#### GIVEN MATERIAL:
○ ○ ○ ○ ○ ○ ○

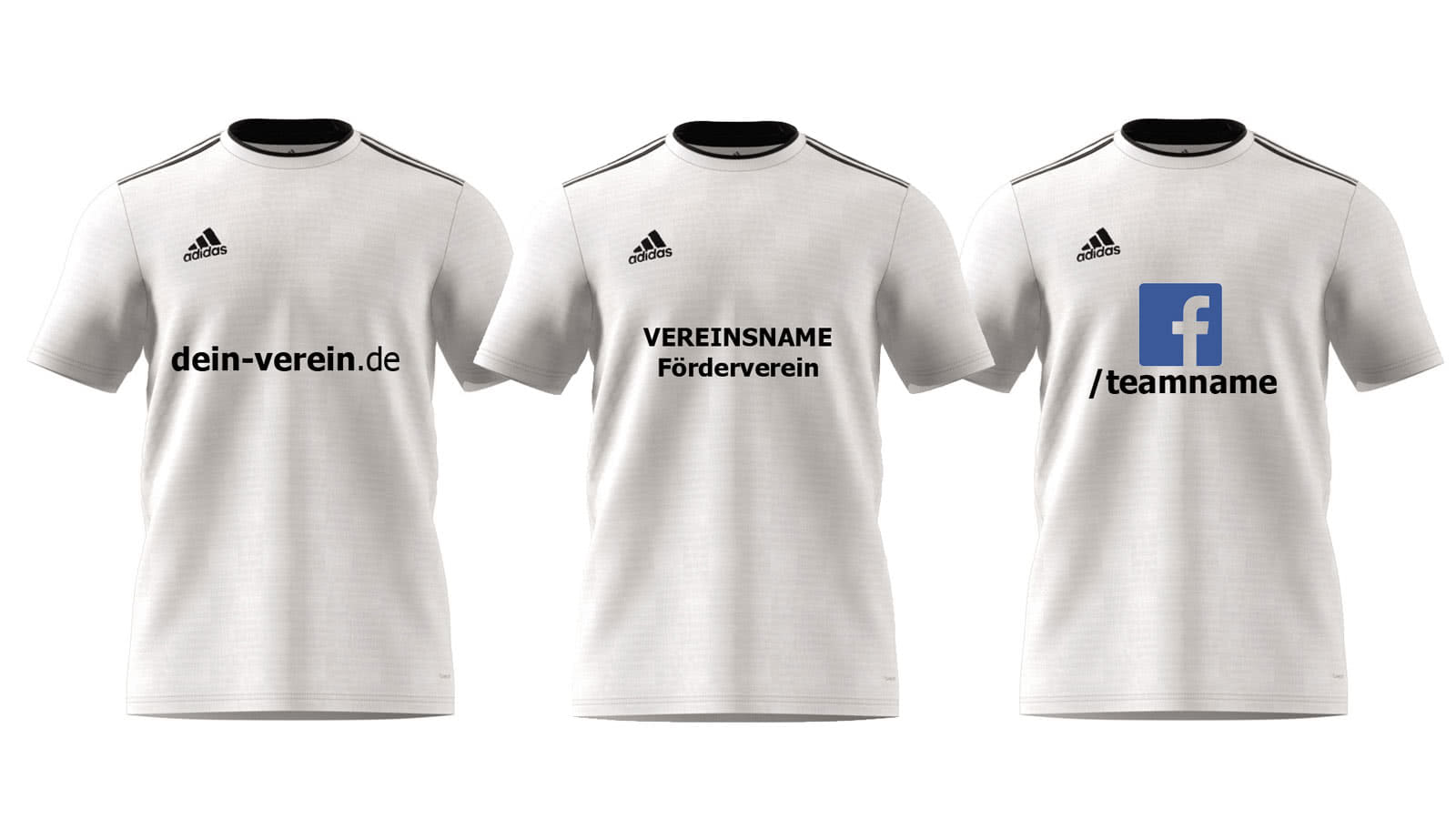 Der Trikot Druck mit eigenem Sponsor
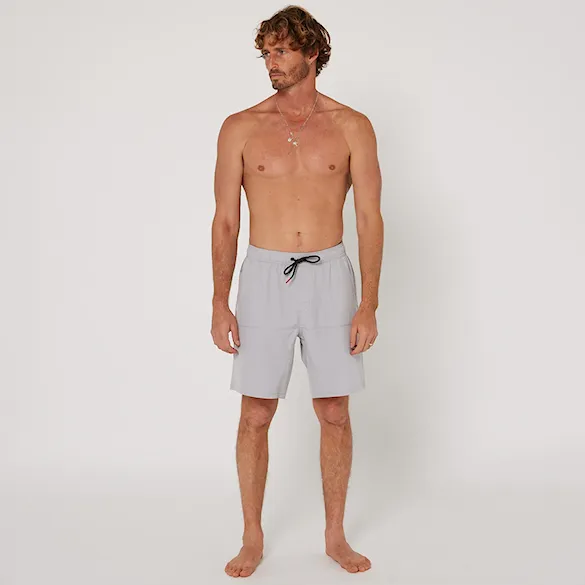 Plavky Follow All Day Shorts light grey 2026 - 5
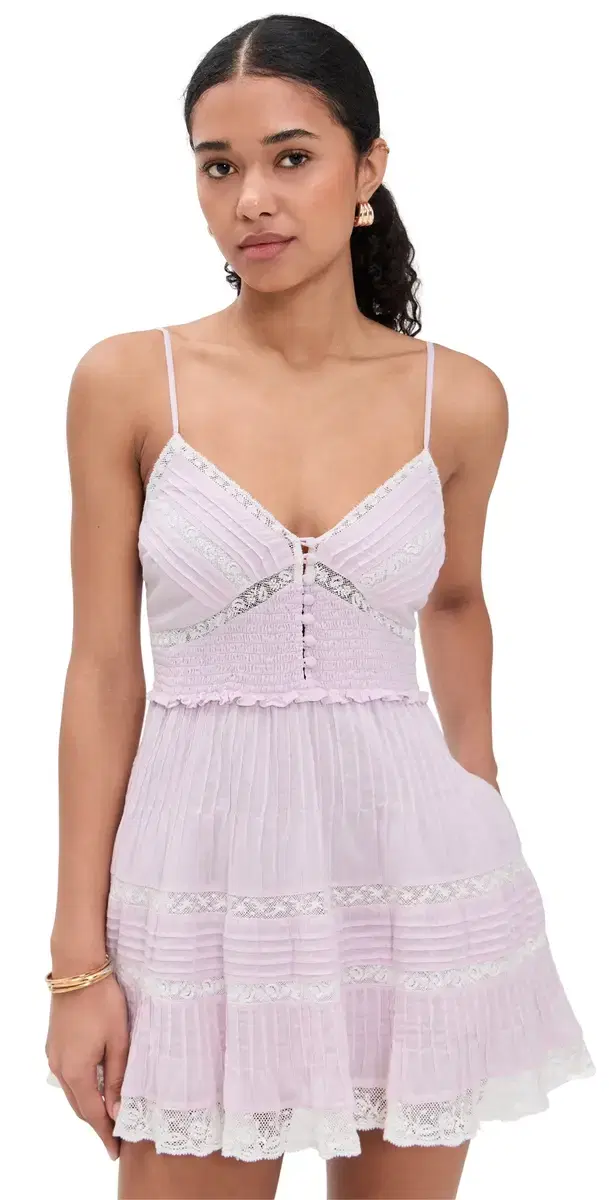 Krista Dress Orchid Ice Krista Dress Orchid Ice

○ ○ ○ ○ ○ ○ ○

#### TASK:
With pictures left out, transcribe each line from the one containing "Plavky Follow All" through the end of the data, both ends included.

#### OUTPUT OF THE EXERCISE:
 Plavky Follow All Day Shorts light grey 2026 - 5
 Krista Dress Orchid Ice Krista Dress Orchid Ice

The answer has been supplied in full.